== Assignment ==
A faithful copy of all the data is required; pictures should not be included.

─── Available data ───

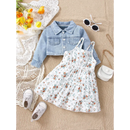 Conjunto Infantil Floral com Jaqueta Jeans para Estilo e Conforto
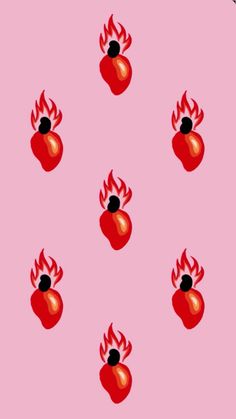 hearts with flames on a pink background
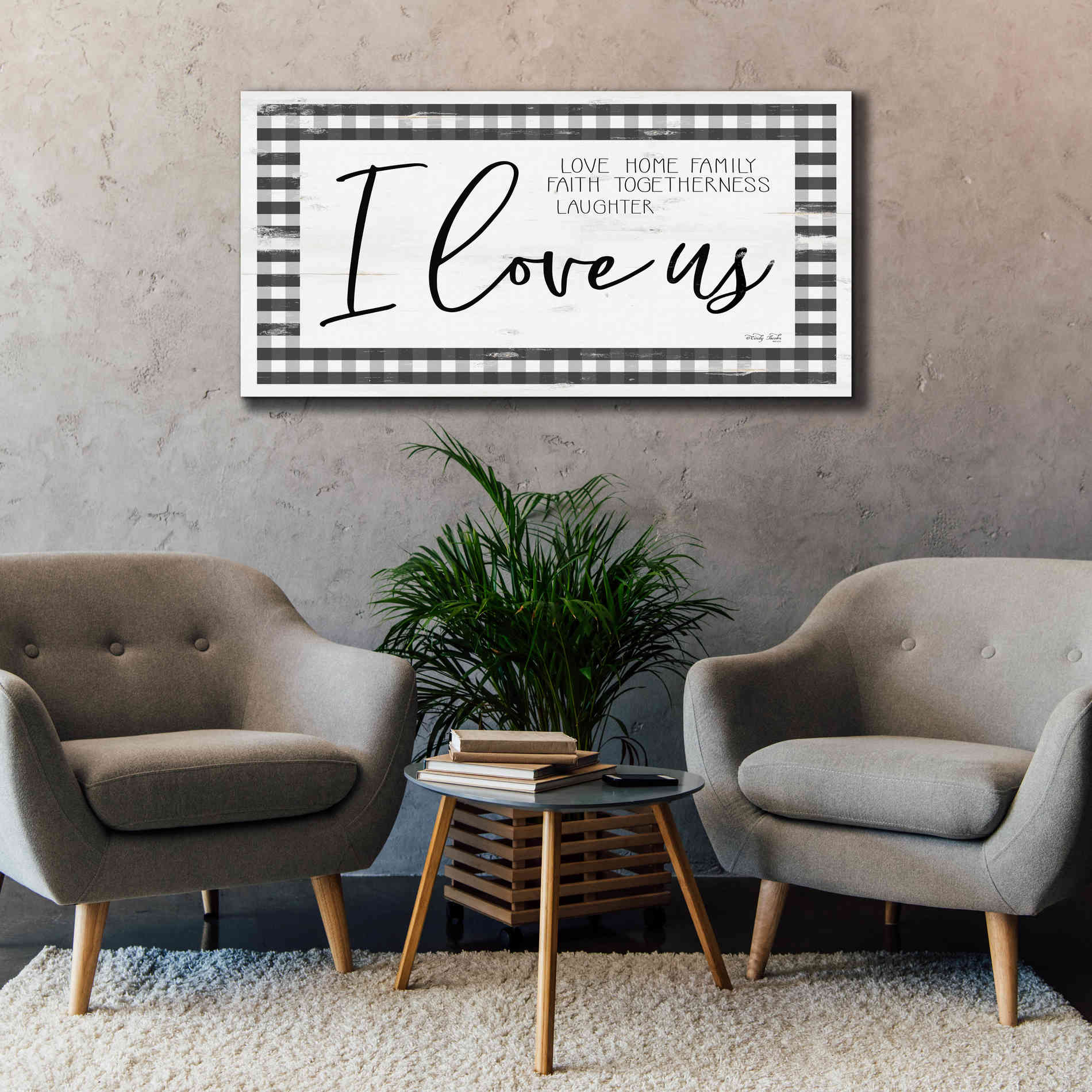 'I Love Us' by Cindy Jacobs, Canvas Wall Art,60 x 30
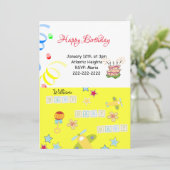 Bonne invitation d'anniversaire Avion Jaune Baby (Debout devant)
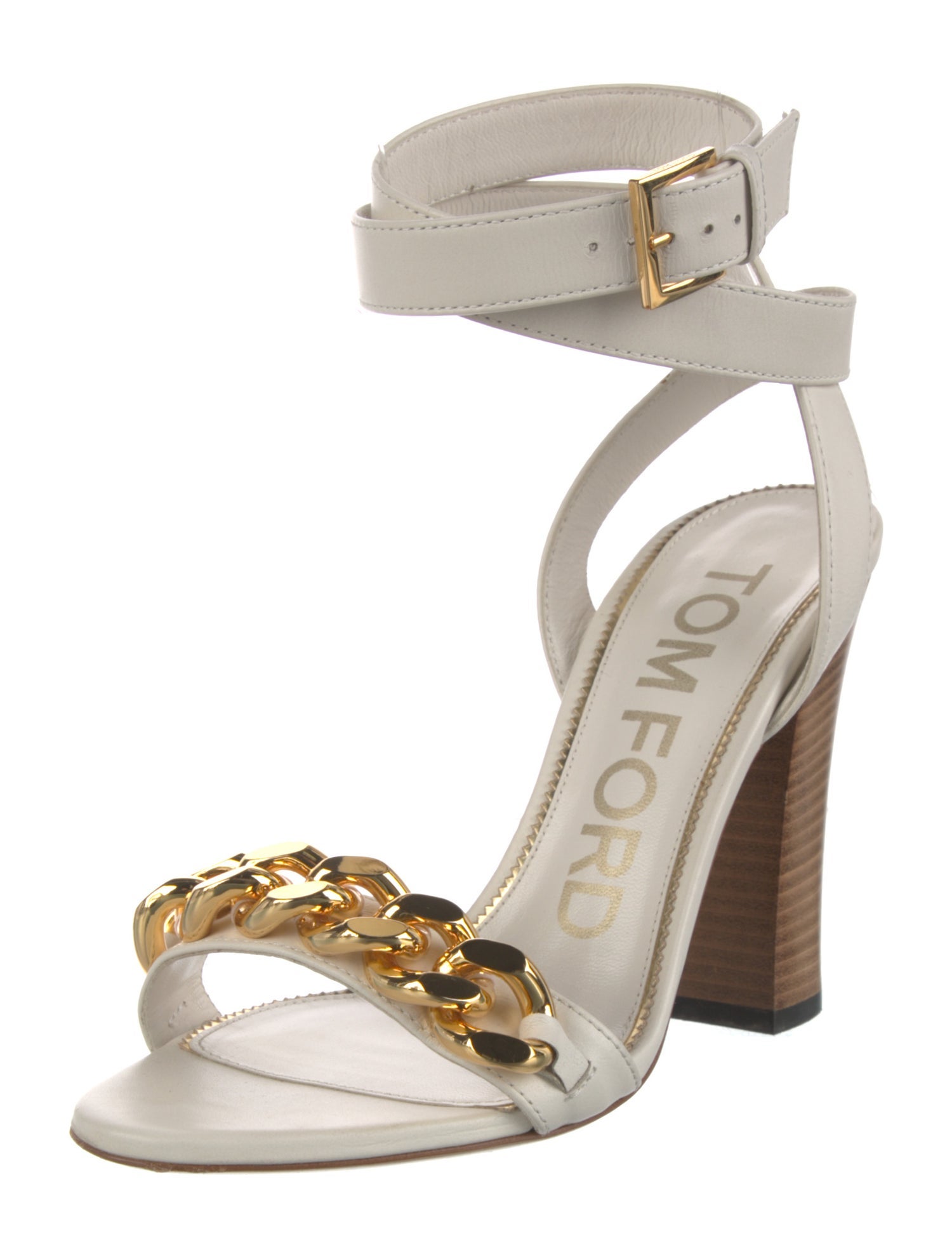 Tom Ford Leather Chain-Link Accents Sandals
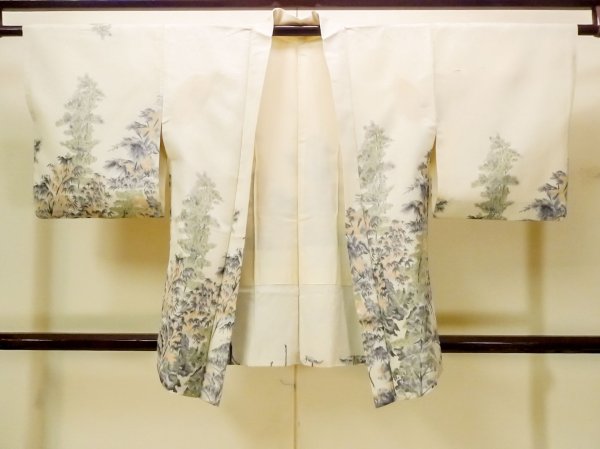 Photo1: N0209H Vintage Japanese women   Ivory HAORI short jacket / Silk. Bamboo leaf,   (Grade C) (1)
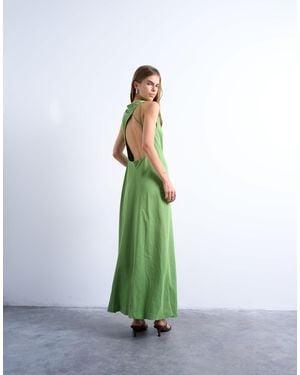 TOPSHOP Drape Neck Open Back Midi Dress - Green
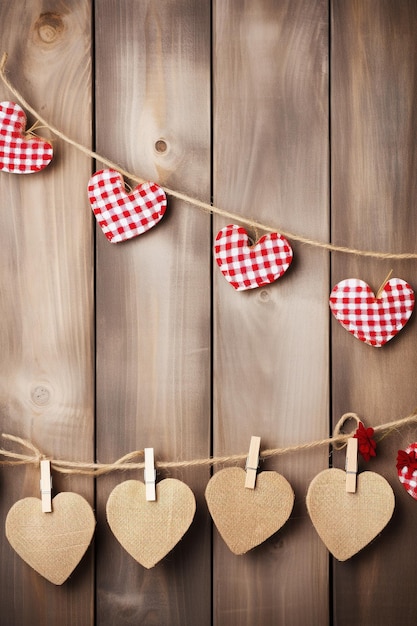 Harten die aan een touw hangen op een houten achtergrond Valentijnsdag achtergrond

───

== Result for this exercise ==
 Conjunto Infantil Floral com Jaqueta Jeans para Estilo e Conforto
 hearts with flames on a pink background
 'I Love Us' by Cindy Jacobs, Canvas Wall Art,60 x 30
 Bonne invitation d'anniversaire Avion Jaune Baby (Debout devant)
 Tom Ford Leather Chain-Link Accents Sandals
 Photo1: N0209H Vintage Japanese women   Ivory HAORI short jacket / Silk. Bamboo leaf,   (Grade C) (1)
 TOPSHOP Drape Neck Open Back Midi Dress - Green
 Harten die aan een touw hangen op een houten achtergrond Valentijnsdag achtergrond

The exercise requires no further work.